The input and output shafts 11 and 12 are rotatably journaled by bearings 13 and 14, respectively, supported by end bells 15 and 16 secured to opposite ends of a sealed casing 17 adapted to hold hydraulic oil or other pressure fluid. The input shaft drives a variable displacement pump 20 which herein is of the axial piston type having an annular swash plate 21 adapted to be tilted to different angles to change the displacement of the pump. A constant velocity universal joint 23 connects the input shaft 11 to the swash plate 21 to cause the shaft to rotate the swash plate while enabling the swash plate to be tilted clockwise and counterclockwise relative to the shaft to any angle between forty and ninety degrees.

As shown in FIGS. 1 and 6, the universal joint 23 comprises an inner ring 24 rigidly connected to a splined portion 25 of the input shaft 11 and formed with a series of angularly spaced and axially extending grooves 26 in its outer periphery, the bottoms of the grooves being inclined at an angle between five and eight degrees. The outer peripheral surface of the inner ring 24 is spherical and supports a ring-like cage 27 for back and forth rocking.
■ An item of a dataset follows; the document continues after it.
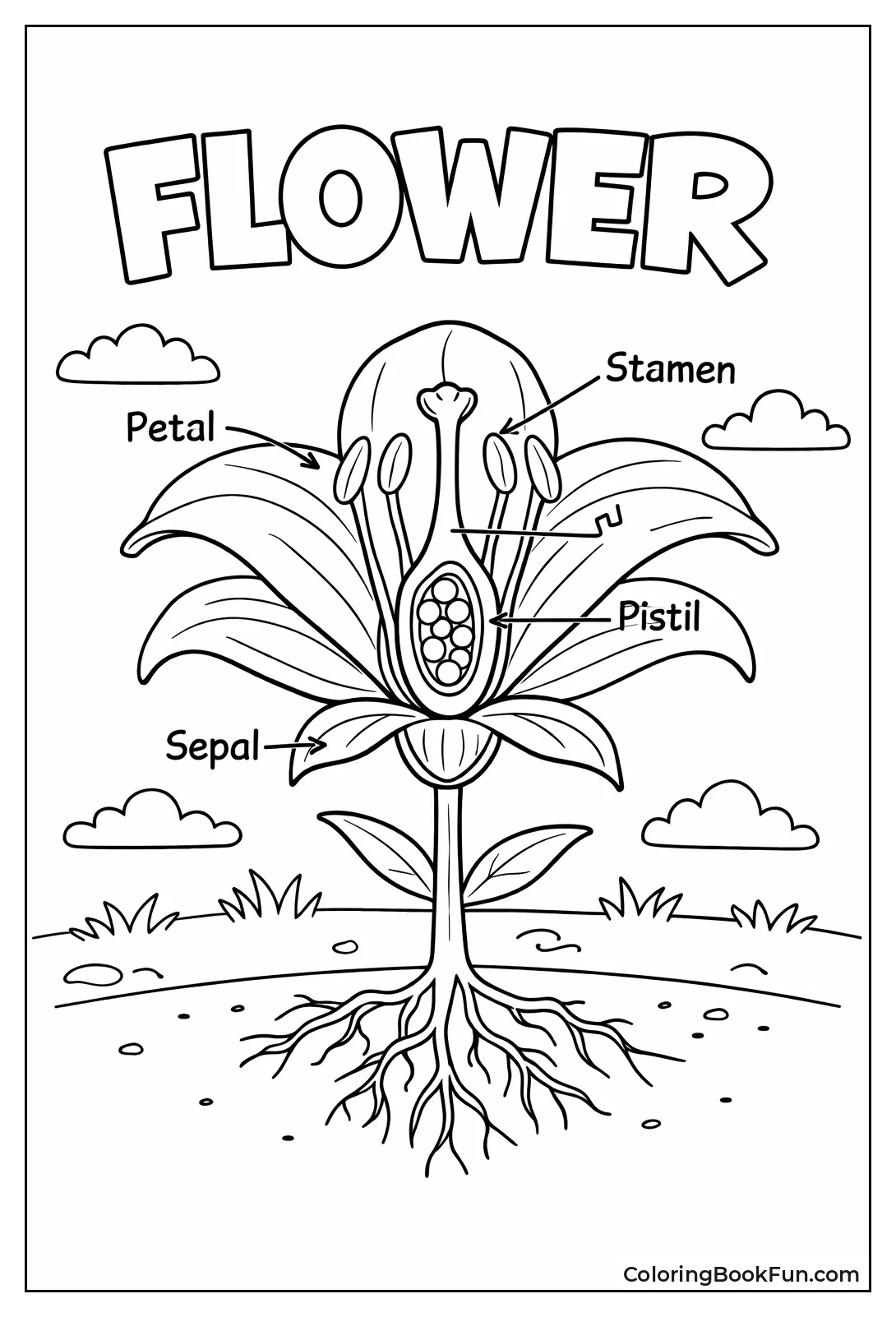 Lily Reveals Flower Parts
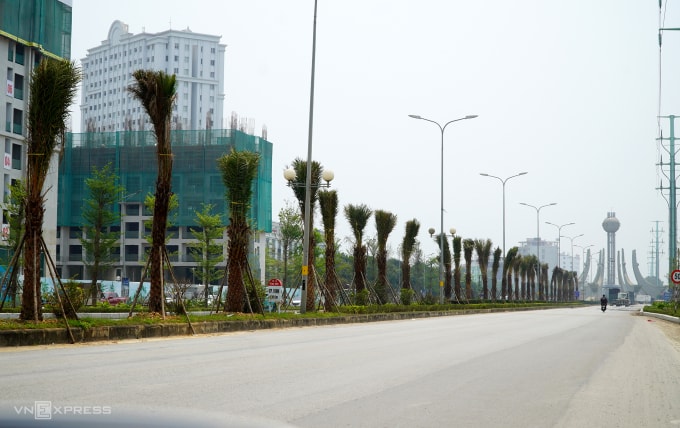 Ngoài trồng chủ đạo bàng Đài Loan, cây chà là cũng được chính quyền phường Hạc Thành khuyến kích doanh nghiệp trồng trên một số trục đường ngắn khác như Nguyễn Chí Thanh, Lạc Long Quân... Ảnh: Lê Hoàng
Balls 28 are captivated in angularly spaced holes 29 (FIG. 6) in the cage 27, ride in the grooves 26 in the ring 24 and also ride in angularly spaced and axially extending grooves 30 formed in the inner periphery of the swash plate 21 at the same angle as the grooves 26. Thus, the balls 28 coact with the grooves 26 and 30 to form a relatively stiff and anti-backlash torque coupling between the inner ring 24 and the swash plate 21 and coact with the cage 27 to permit the swash plate to rock back and forth on the ring.
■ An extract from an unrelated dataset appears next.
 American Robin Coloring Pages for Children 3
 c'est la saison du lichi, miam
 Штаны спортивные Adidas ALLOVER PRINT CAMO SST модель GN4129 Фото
The swash plate 21 is rotatably supported in a dish-shaped housing 31 (FIGS. 1 and 6) by a Teflon ring 32 and by a Teflon thrust washer 33. As shown in FIG. 6, a bearing 34 supports the swash plate housing 31 in a cap 35 secured to the end bell 15, the bearing permitting the housing to turn about an axis extending perpendicular to the axis of the input shaft 11. A control member 36 with an outwardly extending rod 37 is rotatably supported by the bearing 34 and the cap 35 to turn about the axis of the bearing and is connected rigidly to the swash plate housing 31 by a screw 38 and by a pair of roll pins 39. The outer end portion of the rod is splined and is adapted to be coupled to a rotary actuator (not shown). When the rod is turned, the swash plate housing 31 and the swash plate 21 are turned about the axis of the bearing 34 to change the tilt angle of the swash plate relative to the input shaft 11.
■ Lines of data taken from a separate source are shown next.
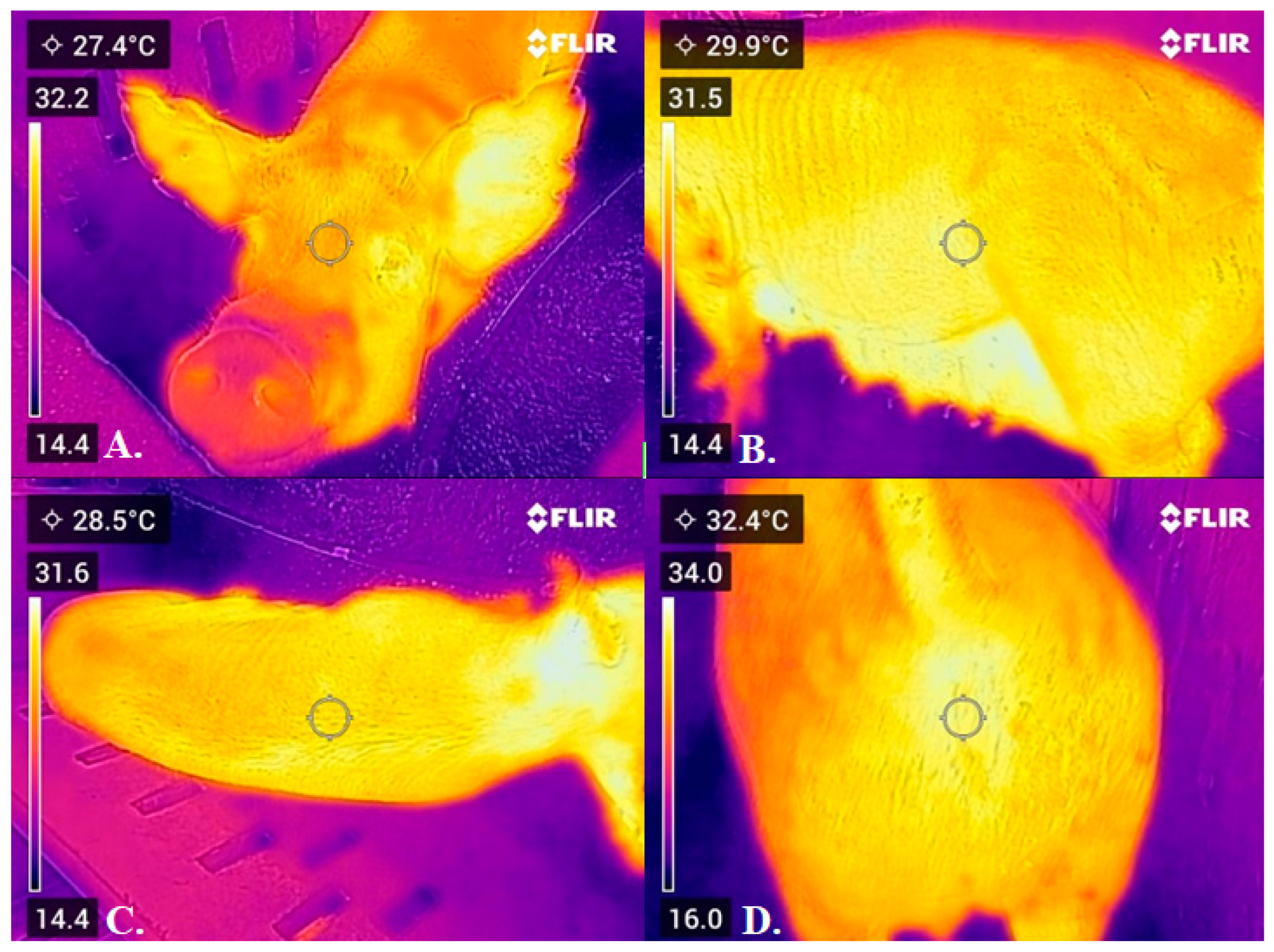 Animals 15 02798 g001 Animals 15 02798 g001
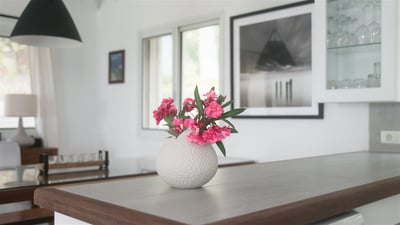 Dining Area & Kitchen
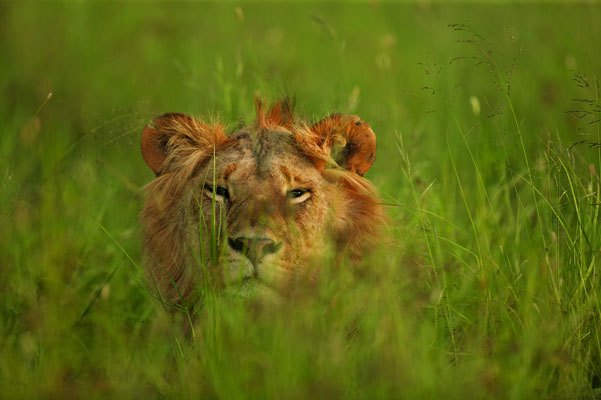 Lion in the grass, Singita, Grumeti, Tanzania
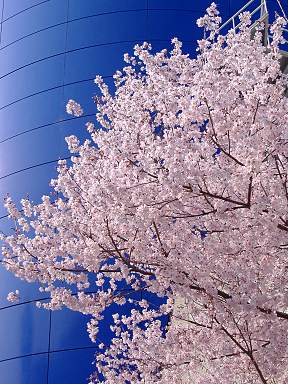 雑記＿江戸彼岸桜の花吹雪_a0038933_23315721.jpg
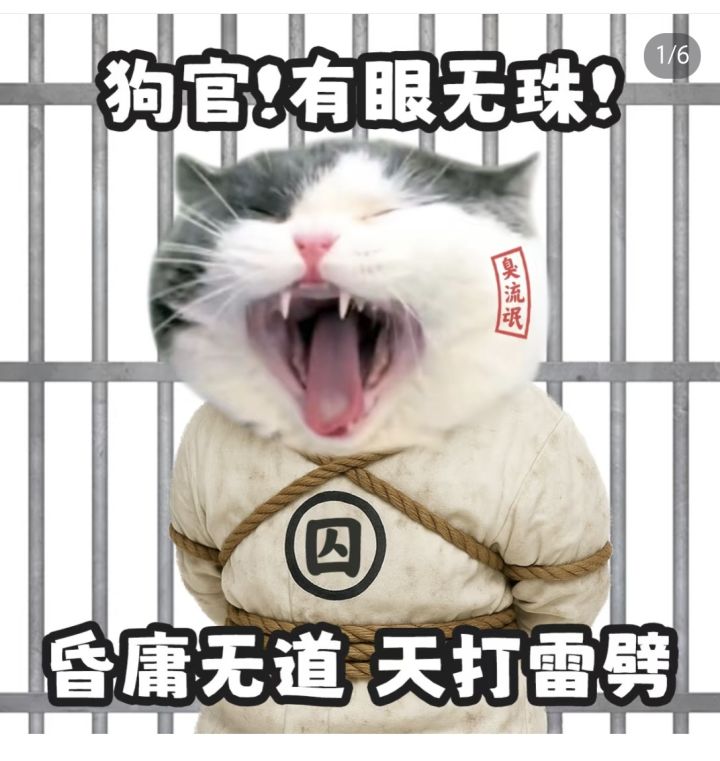 奇点时代2025国庆新海擂台超简要攻略截图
During rotation of the inclined swash plate 21 by the input shaft 11, pistons 40 (FIGS. 1 and 2) are reciprocated back and forth and act to pressurize low pressure charge oil which is supplied to the transmission 10 by a charge pump (not shown). In the present instance, there are five angularly spaced pistons and each includes a spherical piston ring 41 (FIG. 1). Extending rearwardly from each piston is an elongated piston rod 42 whose rear end is connected to the swash plate 21 by a universal ball-and-socket coupling as indicated at 43. By virtue of such couplings, the pistons may be reciprocated along fixed paths regardless of the angle of the swash plate.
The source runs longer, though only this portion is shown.